* **What you will do**
Transcribe the entries below exactly from their first line through the line containing "MASSAGE IN 2 WEEKS", and let no picture into the copy.

===

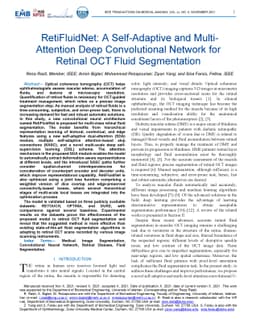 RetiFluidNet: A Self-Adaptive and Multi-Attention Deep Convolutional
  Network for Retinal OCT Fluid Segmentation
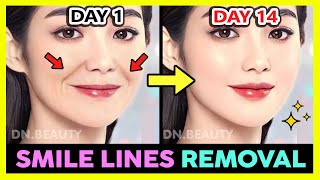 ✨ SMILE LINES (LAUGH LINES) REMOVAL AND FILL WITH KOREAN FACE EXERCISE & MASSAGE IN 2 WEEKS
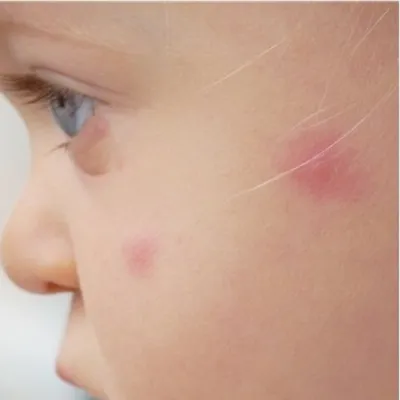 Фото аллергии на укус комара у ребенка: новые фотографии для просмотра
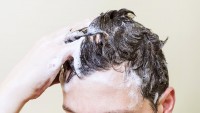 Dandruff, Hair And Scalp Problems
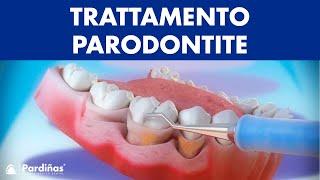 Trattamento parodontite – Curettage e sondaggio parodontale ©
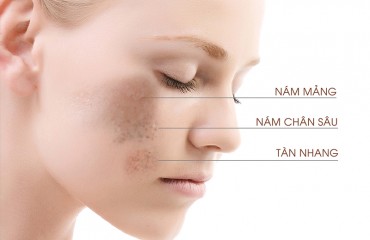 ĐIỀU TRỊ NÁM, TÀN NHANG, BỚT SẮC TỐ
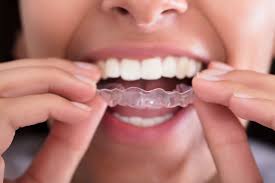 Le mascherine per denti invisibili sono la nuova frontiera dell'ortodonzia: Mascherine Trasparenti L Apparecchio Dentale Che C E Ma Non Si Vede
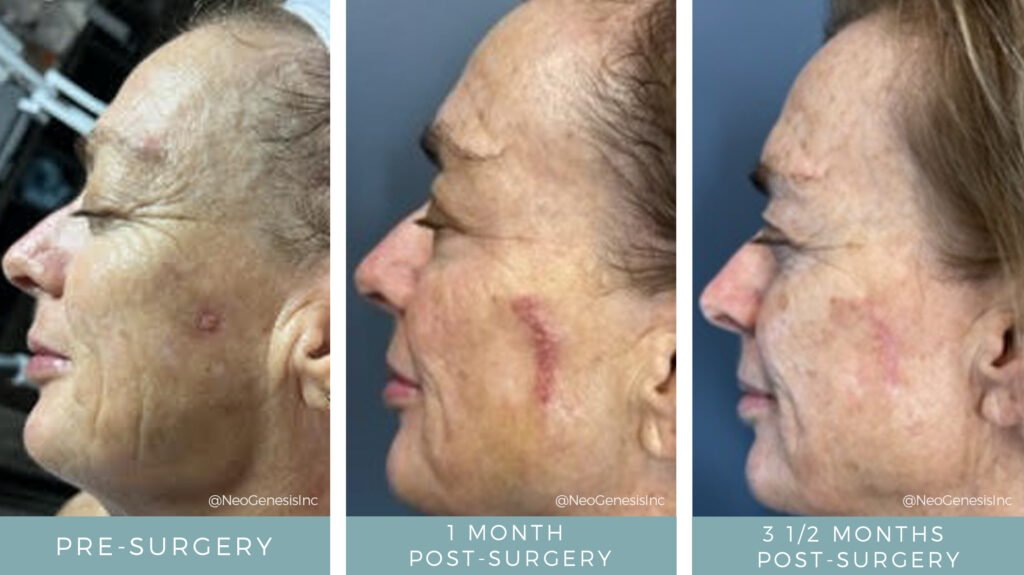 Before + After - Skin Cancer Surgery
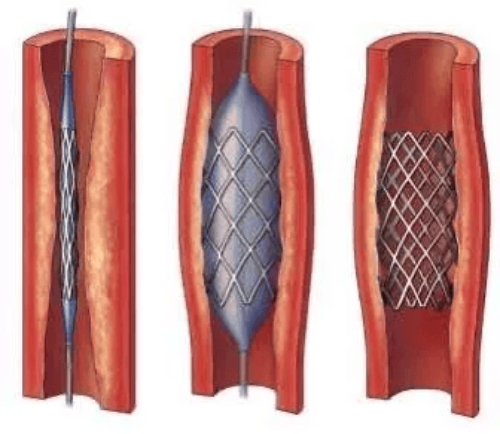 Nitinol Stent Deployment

===

* **Solved problem**
 RetiFluidNet: A Self-Adaptive and Multi-Attention Deep Convolutional
  Network for Retinal OCT Fluid Segmentation
 ✨ SMILE LINES (LAUGH LINES) REMOVAL AND FILL WITH KOREAN FACE EXERCISE & MASSAGE IN 2 WEEKS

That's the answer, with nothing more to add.